With the pictures left out, print exactly the lines below that run from the one containing "For Him Lightly" through the one containing "Adidas Two-Tone rugby".

## LISTED RECORDS
◆ ◆ ◆ ◆ ◆

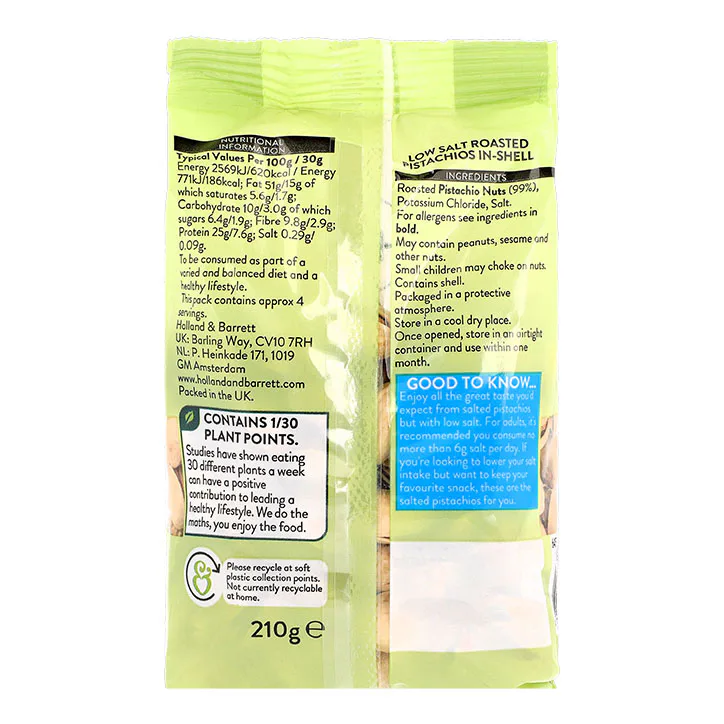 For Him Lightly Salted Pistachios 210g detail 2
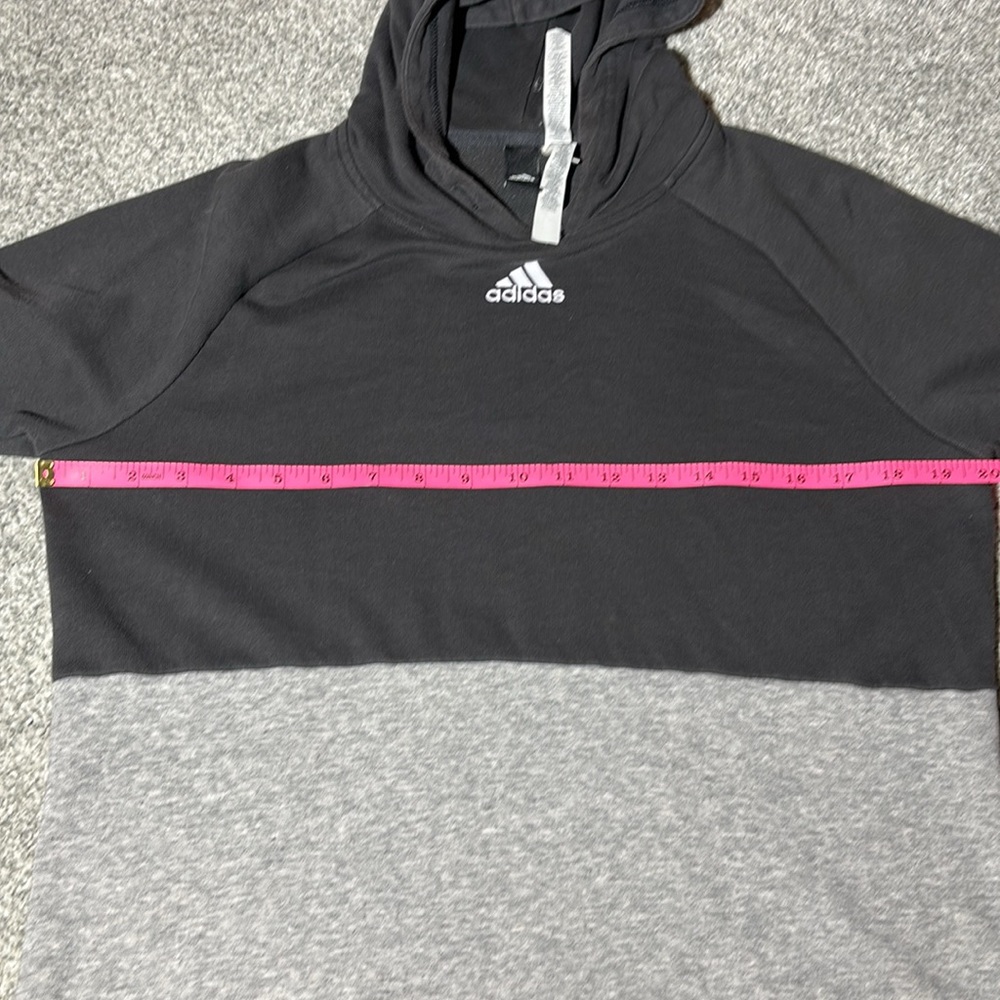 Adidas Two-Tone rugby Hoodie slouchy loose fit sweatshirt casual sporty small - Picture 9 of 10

◆ ◆ ◆ ◆ ◆

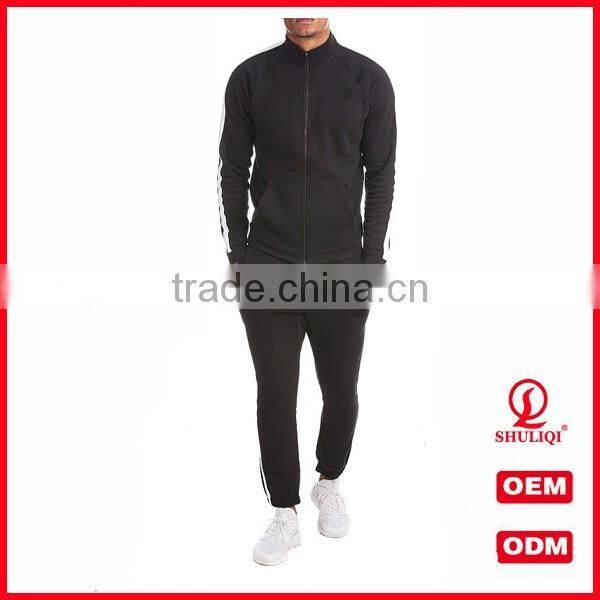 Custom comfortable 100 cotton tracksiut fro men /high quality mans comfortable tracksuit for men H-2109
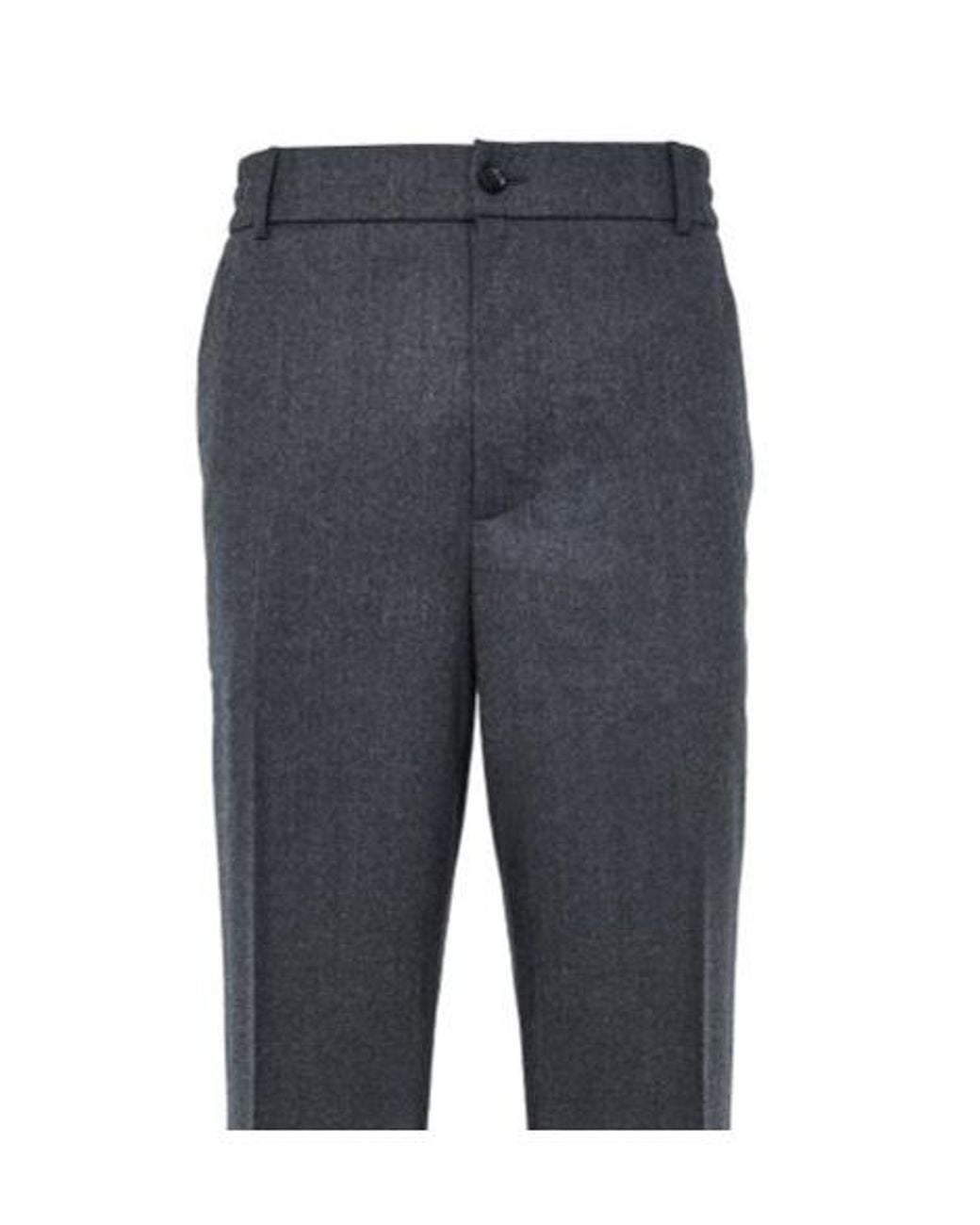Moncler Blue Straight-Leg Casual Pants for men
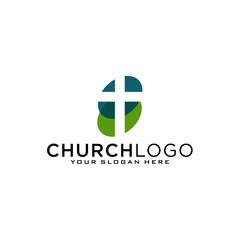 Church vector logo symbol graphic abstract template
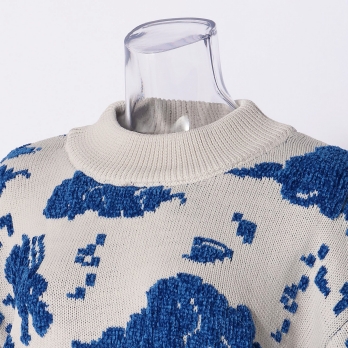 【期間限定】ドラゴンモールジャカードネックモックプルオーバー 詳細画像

◆ ◆ ◆ ◆ ◆

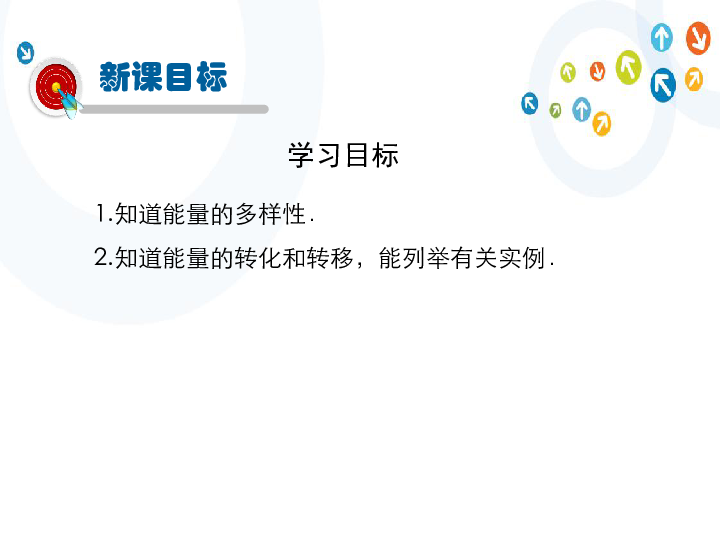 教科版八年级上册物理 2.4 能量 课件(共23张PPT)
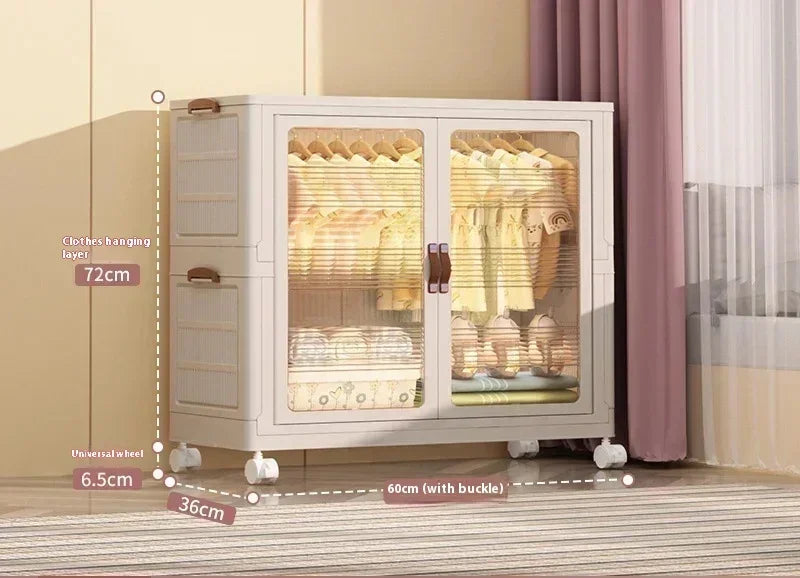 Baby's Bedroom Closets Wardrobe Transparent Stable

◆ ◆ ◆ ◆ ◆

## ANSWER
 For Him Lightly Salted Pistachios 210g detail 2
 Adidas Two-Tone rugby Hoodie slouchy loose fit sweatshirt casual sporty small - Picture 9 of 10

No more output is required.